▶ _Problem details_
Only the pictures should be left out; write out all other data exactly.

(Beginning of Information)

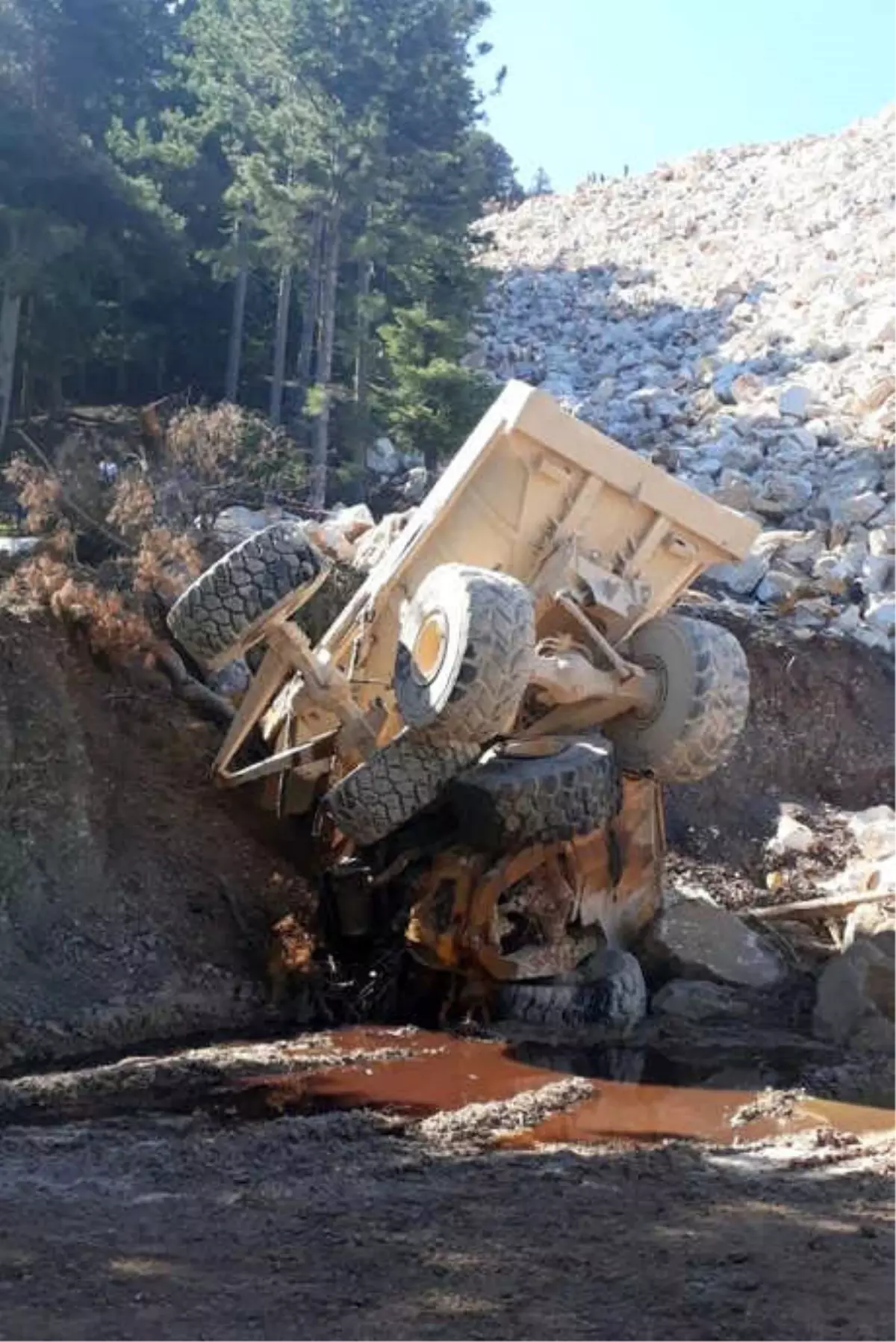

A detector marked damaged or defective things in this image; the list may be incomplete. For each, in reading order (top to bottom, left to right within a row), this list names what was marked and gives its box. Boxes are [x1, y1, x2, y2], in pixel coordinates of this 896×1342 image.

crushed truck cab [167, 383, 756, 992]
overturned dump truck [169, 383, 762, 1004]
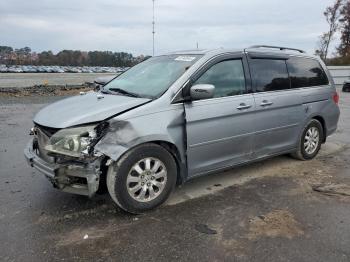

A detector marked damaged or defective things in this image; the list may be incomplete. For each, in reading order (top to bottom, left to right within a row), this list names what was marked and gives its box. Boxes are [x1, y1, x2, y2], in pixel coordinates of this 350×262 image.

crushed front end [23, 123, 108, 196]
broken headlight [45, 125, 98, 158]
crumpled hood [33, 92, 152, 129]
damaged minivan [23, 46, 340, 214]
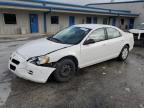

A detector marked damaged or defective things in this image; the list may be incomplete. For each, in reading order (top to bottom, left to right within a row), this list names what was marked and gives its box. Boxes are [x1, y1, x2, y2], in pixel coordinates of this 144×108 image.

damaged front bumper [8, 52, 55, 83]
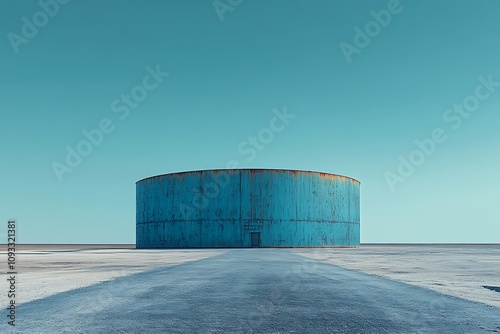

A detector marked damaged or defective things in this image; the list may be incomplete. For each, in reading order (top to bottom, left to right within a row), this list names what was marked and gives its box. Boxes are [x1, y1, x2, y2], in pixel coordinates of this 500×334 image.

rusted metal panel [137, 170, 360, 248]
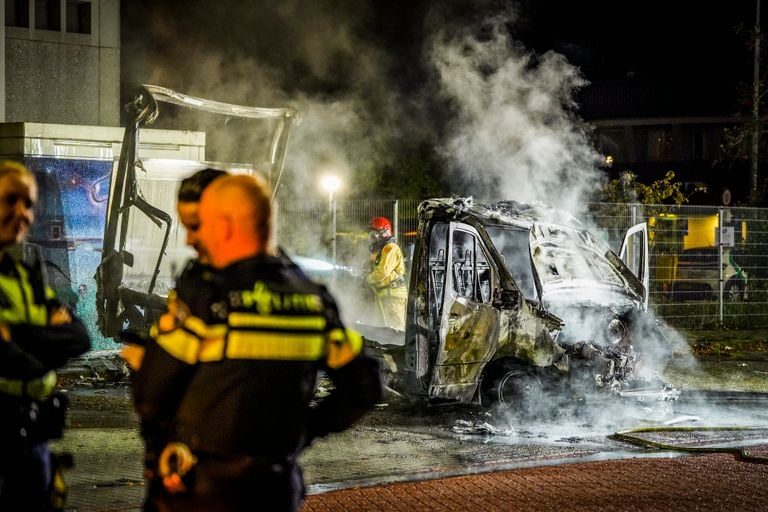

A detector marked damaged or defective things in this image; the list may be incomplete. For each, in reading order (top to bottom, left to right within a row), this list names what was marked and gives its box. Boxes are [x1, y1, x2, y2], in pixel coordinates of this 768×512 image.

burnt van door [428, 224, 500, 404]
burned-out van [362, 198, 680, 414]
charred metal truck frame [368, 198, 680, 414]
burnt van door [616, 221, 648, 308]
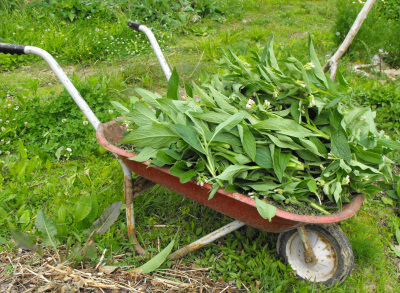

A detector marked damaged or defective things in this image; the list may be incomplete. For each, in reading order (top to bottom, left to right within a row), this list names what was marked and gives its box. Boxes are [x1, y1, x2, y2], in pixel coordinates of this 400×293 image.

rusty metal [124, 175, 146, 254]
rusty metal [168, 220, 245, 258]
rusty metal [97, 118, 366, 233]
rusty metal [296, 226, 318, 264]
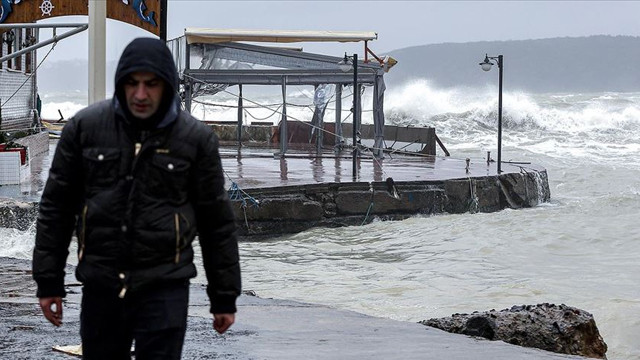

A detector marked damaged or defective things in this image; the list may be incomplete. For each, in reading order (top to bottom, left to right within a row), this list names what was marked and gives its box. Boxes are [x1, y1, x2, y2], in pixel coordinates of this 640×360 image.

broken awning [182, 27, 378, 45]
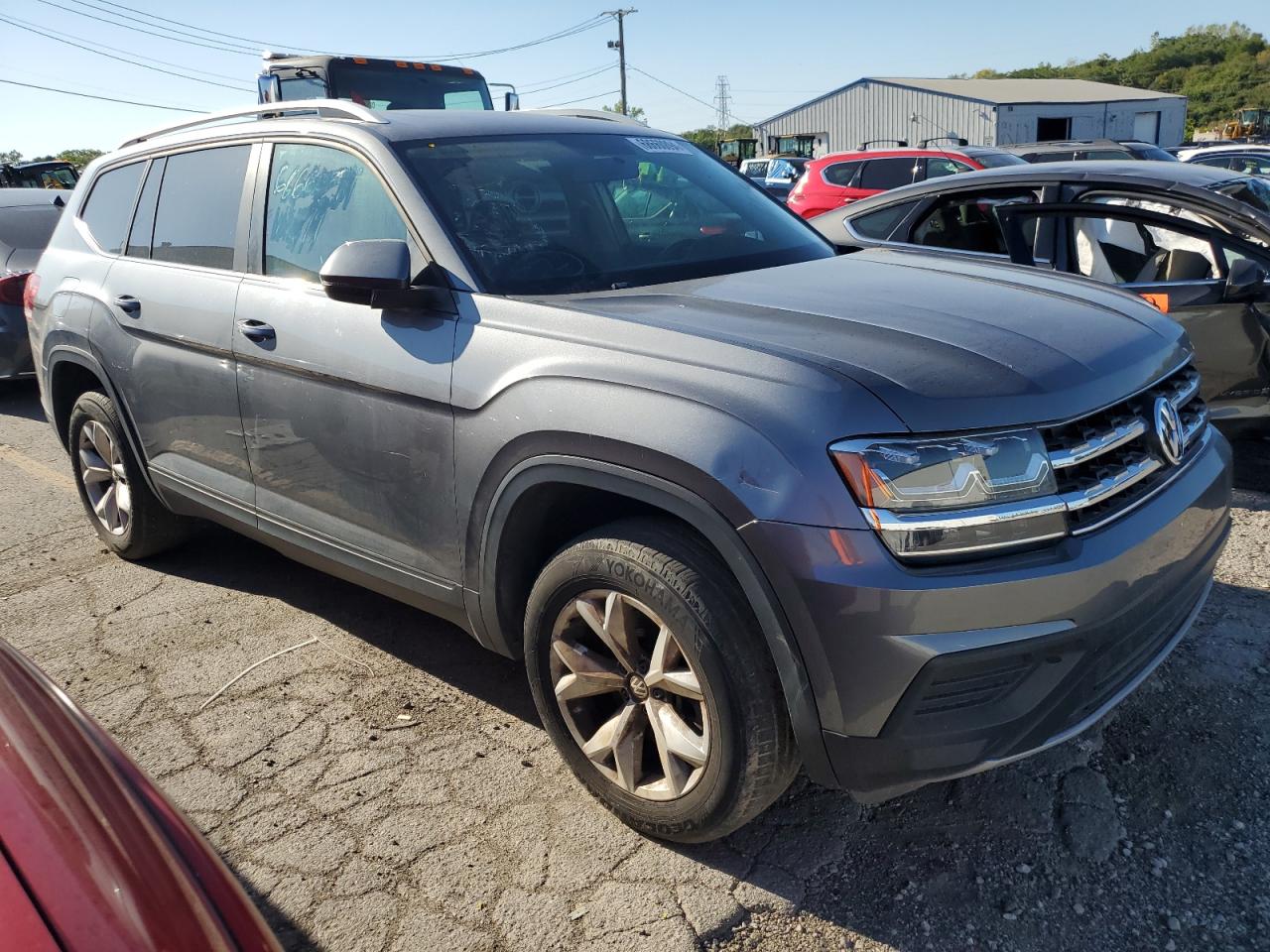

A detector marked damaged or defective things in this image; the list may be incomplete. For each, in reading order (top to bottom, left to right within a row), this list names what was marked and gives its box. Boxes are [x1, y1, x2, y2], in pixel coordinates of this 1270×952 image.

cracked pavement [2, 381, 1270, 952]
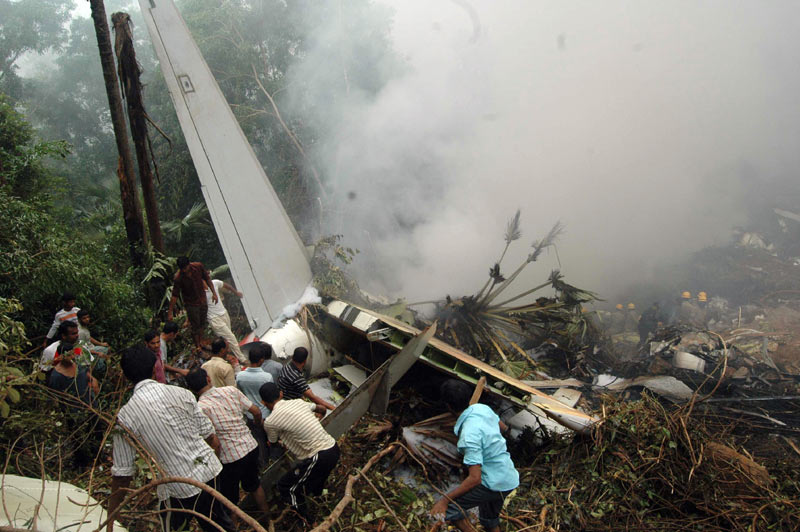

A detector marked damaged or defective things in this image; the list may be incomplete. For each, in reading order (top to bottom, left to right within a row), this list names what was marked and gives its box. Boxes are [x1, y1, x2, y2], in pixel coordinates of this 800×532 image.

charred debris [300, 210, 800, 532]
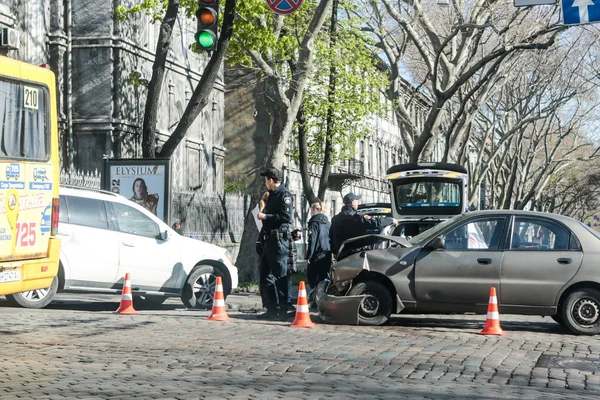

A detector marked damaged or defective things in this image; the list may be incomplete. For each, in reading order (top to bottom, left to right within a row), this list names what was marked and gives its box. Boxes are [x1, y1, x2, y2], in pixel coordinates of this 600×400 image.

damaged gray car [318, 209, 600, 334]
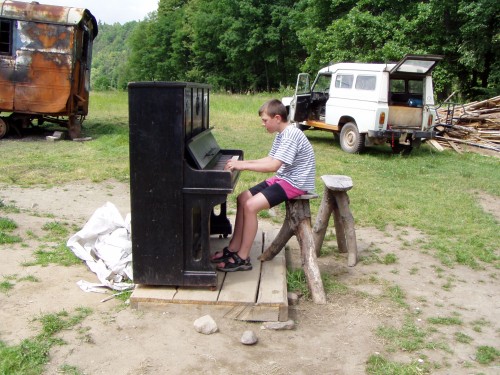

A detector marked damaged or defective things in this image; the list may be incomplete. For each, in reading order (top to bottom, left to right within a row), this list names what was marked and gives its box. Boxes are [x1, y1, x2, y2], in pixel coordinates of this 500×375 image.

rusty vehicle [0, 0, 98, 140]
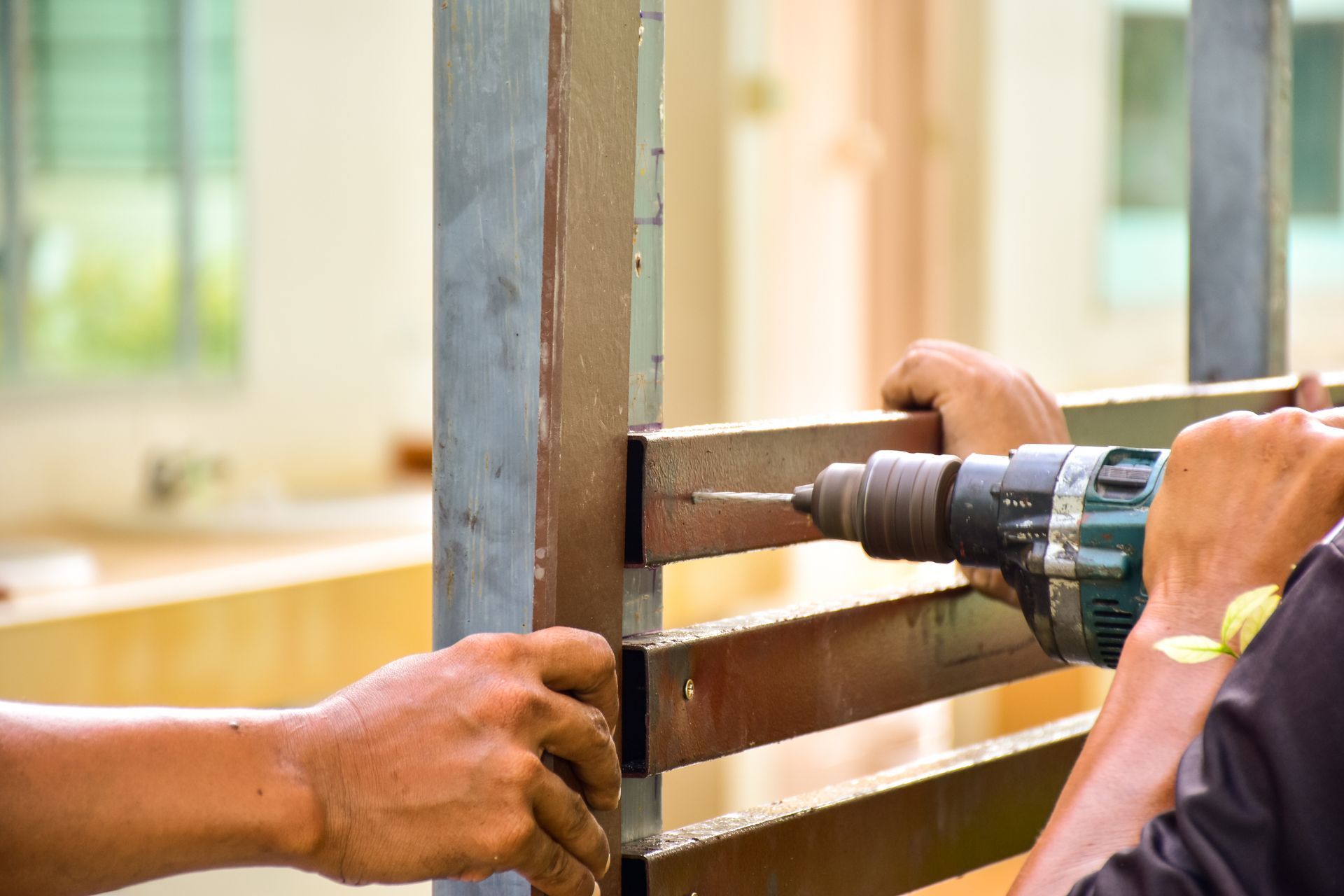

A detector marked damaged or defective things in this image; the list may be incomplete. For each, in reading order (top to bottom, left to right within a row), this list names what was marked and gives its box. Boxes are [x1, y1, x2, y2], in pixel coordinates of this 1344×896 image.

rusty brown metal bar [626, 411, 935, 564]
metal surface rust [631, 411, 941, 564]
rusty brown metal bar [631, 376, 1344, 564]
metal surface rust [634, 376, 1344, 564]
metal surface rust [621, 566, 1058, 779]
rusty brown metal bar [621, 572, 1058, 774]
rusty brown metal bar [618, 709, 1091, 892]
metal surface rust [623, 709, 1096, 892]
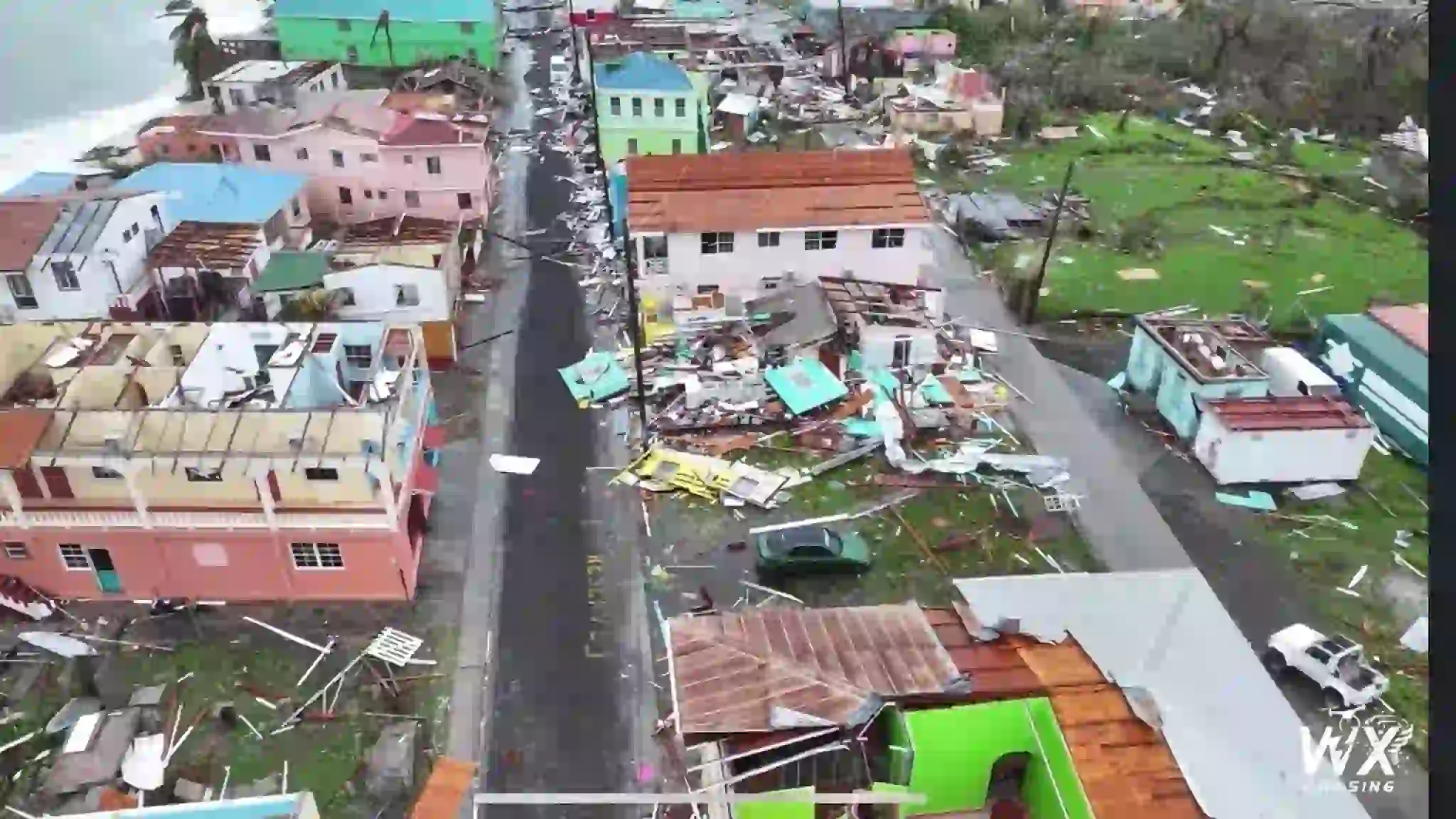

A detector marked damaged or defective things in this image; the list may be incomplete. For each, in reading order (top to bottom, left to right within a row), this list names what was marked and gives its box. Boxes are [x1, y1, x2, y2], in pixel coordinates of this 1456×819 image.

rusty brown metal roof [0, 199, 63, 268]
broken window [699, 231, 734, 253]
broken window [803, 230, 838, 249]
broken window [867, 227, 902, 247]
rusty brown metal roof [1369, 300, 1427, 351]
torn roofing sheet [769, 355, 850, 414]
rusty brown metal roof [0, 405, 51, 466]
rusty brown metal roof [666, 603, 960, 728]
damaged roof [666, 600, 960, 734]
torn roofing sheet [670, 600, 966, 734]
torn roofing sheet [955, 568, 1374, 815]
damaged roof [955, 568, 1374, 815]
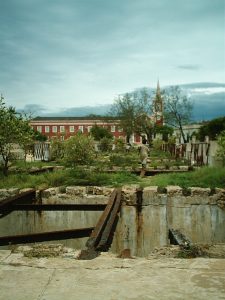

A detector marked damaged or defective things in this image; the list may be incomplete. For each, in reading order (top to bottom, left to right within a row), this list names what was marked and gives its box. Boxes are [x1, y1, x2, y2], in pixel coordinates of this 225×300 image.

(End of Information)

▶ _Answer_
A detector marked damaged or defective things in this image; the list may be incomplete. For each, in reading order (top to bottom, left to right within a row), this list names what was marked and gives its box. Boxes are [x1, y1, x2, y2], in pixel coordinates of this 896×1342 image.

crushed truck cab [167, 383, 756, 992]
overturned dump truck [169, 383, 762, 1004]

A detector marked damaged or defective things in this image; the list may be incomplete. For each, in reading order (top to bottom, left to right within a row), this list names what was marked and gives its box. Boxes are [x1, y1, x2, y2], in pixel coordinates of this 350×262 image.

crushed front end [23, 123, 108, 196]
broken headlight [45, 125, 98, 158]
crumpled hood [33, 92, 152, 129]
damaged minivan [23, 46, 340, 214]

A detector marked damaged or defective things in this image; the list may be incomplete. For each, in reading order (top to bottom, left to right within a row), this list names what was marked and gives its box. Boxes are [x1, y1, x2, y2], in pixel coordinates of this 144×108 image.

damaged front bumper [8, 52, 55, 83]

A detector marked damaged or defective things in this image; the list may be incomplete. For each, in reading order (top to bottom, left to right within a row), this list names what was marked and gives its box. Boxes are [x1, y1, x2, y2], in pixel coordinates of this 500×334 image.

rusted metal panel [137, 170, 360, 248]

A detector marked damaged or defective things in this image; the list may be incomplete. For each, in reading order (top to bottom, left to right within a row), this list names what was marked and gives its box. Boxes are [x1, y1, x2, y2], in pixel coordinates of this 768×512 image.

burnt van door [428, 224, 500, 404]
burned-out van [362, 198, 680, 414]
charred metal truck frame [368, 198, 680, 414]
burnt van door [616, 221, 648, 308]

A detector marked damaged or defective things in this image; the list may be incomplete. For each, in reading order (top to bottom, left to right within a row), this list names what was marked and gives its box. Boxes are [x1, y1, x2, y2], in pixel coordinates of this 400×293 image.

rusty metal [124, 175, 146, 254]
rusty metal [168, 220, 245, 258]
rusty metal [97, 118, 366, 233]
rusty metal [296, 226, 318, 264]

A detector marked damaged or defective things in this image; the list may be incomplete. For each, in reading order (top to bottom, left to right within a row), this list names what was marked and gives its box. Boxes are [x1, y1, x2, y2], in pixel coordinates of this 640×360 image.

broken awning [182, 27, 378, 45]

A detector marked damaged or defective things in this image; the list may be incomplete. For each, in reading order (top to bottom, left to right within a row), this list names what was marked and gives its box. Boxes are [x1, y1, x2, y2], in pixel coordinates of this 1270×952 image.

cracked pavement [2, 381, 1270, 952]

A detector marked damaged or defective things in this image; the list may be incomplete. For each, in reading order (top to bottom, left to right within a row), this list names what was marked and gives its box. Boxes are [x1, y1, x2, y2], in pixel coordinates of this 800×532 image.

charred debris [300, 210, 800, 532]

A detector marked damaged or defective things in this image; the list may be incomplete. For each, in reading order (top to bottom, left to right within a row), this list names what was marked and gives its box. Boxes are [x1, y1, x2, y2], in pixel coordinates of this 600×400 image.

damaged gray car [318, 209, 600, 334]

A detector marked damaged or defective things in this image; the list may be incomplete. For each, in reading order (top to bottom, left to right within a row), this list names what was marked and gives its box. Boxes are [x1, y1, x2, y2], in pixel coordinates of this 500×375 image.

rusty vehicle [0, 0, 98, 140]

A detector marked damaged or defective things in this image; the list may be incomplete. For each, in reading order (top to bottom, left to right within a row), this list names what was marked and gives its box. Boxes are [x1, y1, x2, y2], in pixel coordinates of this 1344×896 image.

rusty brown metal bar [626, 411, 935, 564]
metal surface rust [631, 411, 941, 564]
rusty brown metal bar [631, 376, 1344, 564]
metal surface rust [634, 376, 1344, 564]
metal surface rust [621, 566, 1058, 779]
rusty brown metal bar [621, 572, 1058, 774]
rusty brown metal bar [618, 709, 1091, 892]
metal surface rust [623, 709, 1096, 892]

A detector marked damaged or defective things in this image; the list may be incomplete. For each, in reading order (top to bottom, left to right within a row), this list names what was marked and gives its box. Boxes are [x1, y1, x2, y2], in pixel coordinates of this 1456×819 image.

rusty brown metal roof [0, 199, 63, 268]
broken window [699, 231, 734, 253]
broken window [803, 230, 838, 249]
broken window [867, 227, 902, 247]
rusty brown metal roof [1369, 300, 1427, 351]
torn roofing sheet [769, 355, 850, 414]
rusty brown metal roof [0, 405, 51, 466]
rusty brown metal roof [666, 603, 960, 728]
damaged roof [666, 600, 960, 734]
torn roofing sheet [670, 600, 966, 734]
torn roofing sheet [955, 568, 1374, 815]
damaged roof [955, 568, 1374, 815]

A detector marked damaged or defective things in this image; the list may be incomplete. For each, in reading order (top to bottom, left to right within a row), this list names what was marked and gives its box. Boxes are [x1, y1, x2, y2], in pixel coordinates of this 225×300 image.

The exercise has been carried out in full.